▶ _EXERCISE_: All lines from the one containing "91X Loudspeaker: LIVE" down to the one containing "Photo of Outdoor in Le Vaudoue", both ends included, are to be given again exactly; omit the rest of the listing below.

▶ _ENTRIES PROVIDED_:
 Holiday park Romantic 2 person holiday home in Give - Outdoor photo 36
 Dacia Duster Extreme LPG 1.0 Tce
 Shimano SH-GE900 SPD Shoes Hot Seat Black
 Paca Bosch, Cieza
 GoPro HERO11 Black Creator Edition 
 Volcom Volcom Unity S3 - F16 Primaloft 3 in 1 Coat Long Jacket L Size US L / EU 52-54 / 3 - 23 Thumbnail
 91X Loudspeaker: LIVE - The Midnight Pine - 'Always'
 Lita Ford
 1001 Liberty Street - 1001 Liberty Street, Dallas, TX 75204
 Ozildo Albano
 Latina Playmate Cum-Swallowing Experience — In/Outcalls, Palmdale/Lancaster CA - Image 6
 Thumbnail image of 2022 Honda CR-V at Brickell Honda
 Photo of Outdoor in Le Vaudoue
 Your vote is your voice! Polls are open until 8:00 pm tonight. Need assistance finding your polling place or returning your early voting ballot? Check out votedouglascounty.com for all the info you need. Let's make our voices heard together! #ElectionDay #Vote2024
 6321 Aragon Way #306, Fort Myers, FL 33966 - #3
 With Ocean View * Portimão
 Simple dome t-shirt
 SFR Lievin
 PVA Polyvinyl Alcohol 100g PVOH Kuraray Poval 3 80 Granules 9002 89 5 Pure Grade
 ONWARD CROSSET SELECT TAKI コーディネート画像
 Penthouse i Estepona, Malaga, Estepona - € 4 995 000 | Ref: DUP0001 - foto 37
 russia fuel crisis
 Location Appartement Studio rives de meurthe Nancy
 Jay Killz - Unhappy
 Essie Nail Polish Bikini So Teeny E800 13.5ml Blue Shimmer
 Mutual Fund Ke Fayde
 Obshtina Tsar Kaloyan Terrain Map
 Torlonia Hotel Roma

▶ _ANSWER TO THE PROBLEM_:
 91X Loudspeaker: LIVE - The Midnight Pine - 'Always'
 Lita Ford
 1001 Liberty Street - 1001 Liberty Street, Dallas, TX 75204
 Ozildo Albano
 Latina Playmate Cum-Swallowing Experience — In/Outcalls, Palmdale/Lancaster CA - Image 6
 Thumbnail image of 2022 Honda CR-V at Brickell Honda
 Photo of Outdoor in Le Vaudoue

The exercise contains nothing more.